This post was written as part of a class assignment from students who took a neuroethics course with Dr. Rommelfanger in Paris in Summer 2016.

Peter Leistikow is an undergraduate student at Emory University studying Neuroscience and Sociology. When he is not doing research in pharmacology, Peter works as a volunteer Advanced EMT in the student-run Emory Emergency Medical Service. 

Ever since the advent of electricity, people have tried to harness this power for therapeutic purposes. Nineteenth century posters touted the benefits of “self-applicable curatives for nervous, functional, chronic, and organic diseases” in the form of electric belts and harnesses (Browne 2014). Although these items are historical curiosities today, scientists are still trying to harness the potential benefits of electricity, especially in the treatment of psychiatric and learning disorders.

Transcranial direct current stimulation (TDCS) is a non-invasive experimental procedure that utilizes direct currents applied to two electrodes on the head with the goal of stimulating specific brain areas (John Hopkins Medicine 2016). Although there is evidence that this technology, and it’s closely related variant transcranial random-noise stimulation (TRNS), can increase attention and aid in treating cognitive impairments and depression, TDCS has caught the interest of companies and hobbyists assembling these devices for cognitive enhancement (Hogenboom 2014). This has worried some researchers, who have called for regulations regarding the sale and use of this technology which they fear can have detrimental effects if used incorrectly (Wexler 2015).
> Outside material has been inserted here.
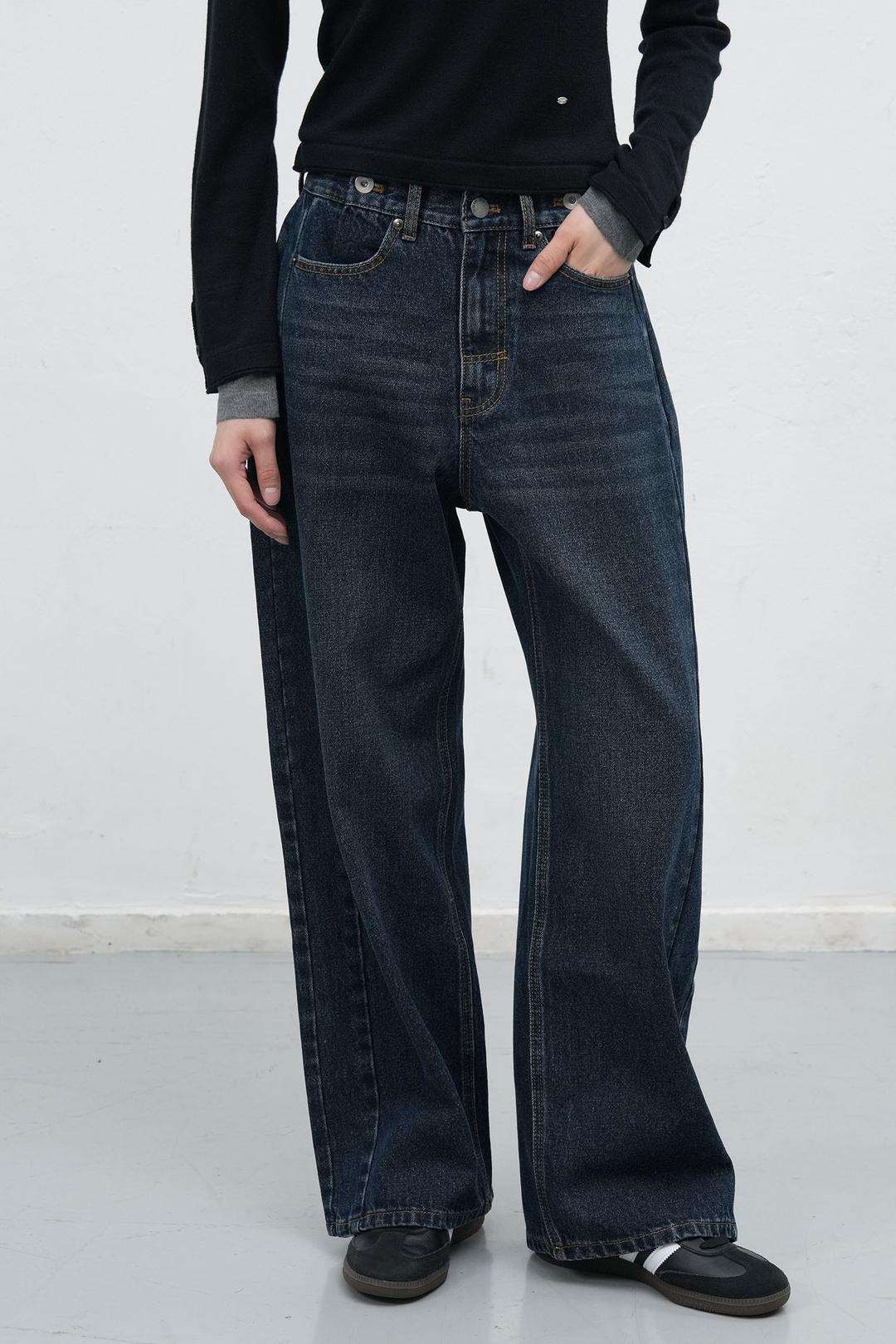 WOMAN 스냅 디테일 와이드 데님 팬츠 [NAVY]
Meanwhile, researchers have continued to investigate TDCS, and the media has taken notice. In an article published just last year, neuroscientist Roi Cohen Kadosh explains his then-forthcoming study in which TRNS was administered to a group of twelve 8 to-10-year-old children with learning difficulties such as dyslexia or dyscalculia as the children played a game in which they guided a ball using gestures (Geddes 2015). In fact, they are a few of at least 1000 children estimated to have taken part in brain stimulation as part of clinical trials. As this research progresses, several issues must be addressed, namely costs and benefits of early life treatment, access to treatment, and future use as enhancement.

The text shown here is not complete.